Last retrieved should not be manual.
Should support some sort of linkrot detection as part of deployment/ongoing maintenance.

With respect to FDOM, we have two phases:

Compute incrementally with respect to the DAG
- Pages are computed functionally - they always correspond to a DAG, based on versioned data. So when defining the interpolations n Python, maybe we could have something like @versioned_cache, which itself is a function from a factory that could generate, here's how I'm versioned, and corresponding metadata, necessary for any refresh from the source.
Compute patches
- Internal links do not form a DAG, because they will often have cycles. However, it is possible to hoist this computation out of a specific page, and instead have this as a set of pages (assets more generally) that support patching after a dependent page is touched. We use the internal link graph to determine which pages should be patched; but we don't do a traversal (DFS or BFS).
- External links can be ingested by a spider to determine consistency, triggering similar patches.

Note that this means we don't support some sort of iterative computation where we continously flow through these cycles, possibly computing a fixed point like PageRank. That's a good thing - such analysis can certainly be done on the site, it might be even a useful hoisted function, but it's not done directly by FDOM itself in its own computation.

Note that we can determine if FDOM always forms a DAG on every update by using the transitive closure, as provided by the closure module in SQLite.

jimbaker commented 1 year ago

Note that we can determine if FDOM always forms a DAG on every update by using the transitive closure, as provided by the closure module in SQLite.

Unfortunately this isn't possible, because the closure extension only supports a single parent. Incremental algorithms exist for this problem, but not anything I have seen for SQLite.

There are algorithms for maintaining the incremental topological ordering, including this implementation in Rust. https://docs.rs/incremental-topo/latest/incremental_topo/

Alternatively we can just detect cycles when processing a topological sort, which is O(n) - easy to do with a recursive CTE on SQLite. This probably is fine for now.

pauleveritt commented 1 year ago

Fun topic! One small point: I think the problem of cycles is solvable if you link to a target in the resource, not the resource.

pauleveritt commented 1 year ago

Next, I wonder if we need to store link/reference information in a separate table. I wrote this up a little in my science fiction.

Imagine docA links to docB with this Markdown: as we see in [this doc](./docB)

Our FDOM parses the Markdown into an VDOM-ish thing: ["as we see in", Link(ref="/folder1/doc2", attr="title", value="Doc2 Title")]

This node in the VDOM has the link information as well as the most recent value. If the title on /folder1/doc2 changes, we just do a SQL query -- that is, a query on computed column that's indexed -- to find any Link with that ref. If the value is different....etc.

If it can be moved to a query, and a recursive query, we don't have to store relationship state in a separate place.

jimbaker commented 1 year ago

Fun topic! One small point: I think the problem of cycles is solvable if you link to a target in the resource, not the resource.

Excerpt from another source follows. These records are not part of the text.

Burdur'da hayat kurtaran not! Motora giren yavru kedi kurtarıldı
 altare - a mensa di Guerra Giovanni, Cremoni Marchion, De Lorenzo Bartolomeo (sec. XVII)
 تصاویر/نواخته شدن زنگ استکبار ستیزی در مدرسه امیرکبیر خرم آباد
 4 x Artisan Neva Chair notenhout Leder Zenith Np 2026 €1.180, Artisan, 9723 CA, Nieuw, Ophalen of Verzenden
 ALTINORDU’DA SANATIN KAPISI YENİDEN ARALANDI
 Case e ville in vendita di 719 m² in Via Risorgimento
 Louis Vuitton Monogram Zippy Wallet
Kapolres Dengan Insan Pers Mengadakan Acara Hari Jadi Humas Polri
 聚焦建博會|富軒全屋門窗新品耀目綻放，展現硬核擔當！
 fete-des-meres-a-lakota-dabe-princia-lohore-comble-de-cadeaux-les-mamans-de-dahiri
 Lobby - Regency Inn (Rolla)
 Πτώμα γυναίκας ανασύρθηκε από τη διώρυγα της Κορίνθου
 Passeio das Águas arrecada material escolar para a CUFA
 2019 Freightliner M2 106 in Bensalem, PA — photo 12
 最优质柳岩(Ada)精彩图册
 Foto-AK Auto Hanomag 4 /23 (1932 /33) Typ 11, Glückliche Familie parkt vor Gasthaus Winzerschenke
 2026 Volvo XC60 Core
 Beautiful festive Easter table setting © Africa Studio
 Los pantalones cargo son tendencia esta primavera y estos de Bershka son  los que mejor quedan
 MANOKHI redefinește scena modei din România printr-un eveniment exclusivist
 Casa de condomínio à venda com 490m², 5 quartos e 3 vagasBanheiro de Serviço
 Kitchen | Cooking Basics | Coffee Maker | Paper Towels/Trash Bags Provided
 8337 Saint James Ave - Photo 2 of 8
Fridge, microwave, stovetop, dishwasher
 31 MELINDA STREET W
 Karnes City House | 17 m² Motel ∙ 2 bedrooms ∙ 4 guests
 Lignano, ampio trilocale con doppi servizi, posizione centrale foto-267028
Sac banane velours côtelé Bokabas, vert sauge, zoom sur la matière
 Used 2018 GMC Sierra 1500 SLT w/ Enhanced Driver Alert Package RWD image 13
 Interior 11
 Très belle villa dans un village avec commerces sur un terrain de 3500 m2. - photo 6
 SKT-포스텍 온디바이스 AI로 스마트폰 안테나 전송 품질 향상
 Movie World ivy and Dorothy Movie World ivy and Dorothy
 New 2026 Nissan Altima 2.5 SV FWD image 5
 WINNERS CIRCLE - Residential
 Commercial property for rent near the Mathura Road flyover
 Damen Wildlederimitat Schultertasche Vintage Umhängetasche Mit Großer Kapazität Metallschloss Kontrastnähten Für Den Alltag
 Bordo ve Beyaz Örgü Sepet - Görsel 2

Right, this should be true. If I have a pure chain of function calls (so the FDOM model), I cannot build a cyclic graph. (Indeed it's only a DAG because we can and should allow for caching.) So we really should only see those cycles in phase 2 computations (internal/external links), but we have the patch solution for that.

jimbaker commented 1 year ago

Next, I wonder if we need to store link/reference information in a separate table. I wrote this up a little in my science fiction.

Imagine docA links to docB with this Markdown: as we see in [this doc](./docB)

Our FDOM parses the Markdown into an VDOM-ish thing: ["as we see in", Link(ref="/folder1/doc2", attr="title", value="Doc2 Title")]

This node in the VDOM has the link information as well as the most recent value. If the title on /folder1/doc2 changes, we just do a SQL query -- that is, a query on computed column that's indexed -- to find any Link with that ref. If the value is different....etc.

My implicit thinking here is that the link generation could be some fairly arbitrary function that expands into the template. So we would want to capture that - in this page, we generated all of these links, now let's do something with that. So that's easier to do, and reflects that we have build products (these links, pages, etc), and what drives it (the VDOM). Both stored in the database.

If it can be moved to a query, and a recursive query, we don't have to store relationship state in a separate place.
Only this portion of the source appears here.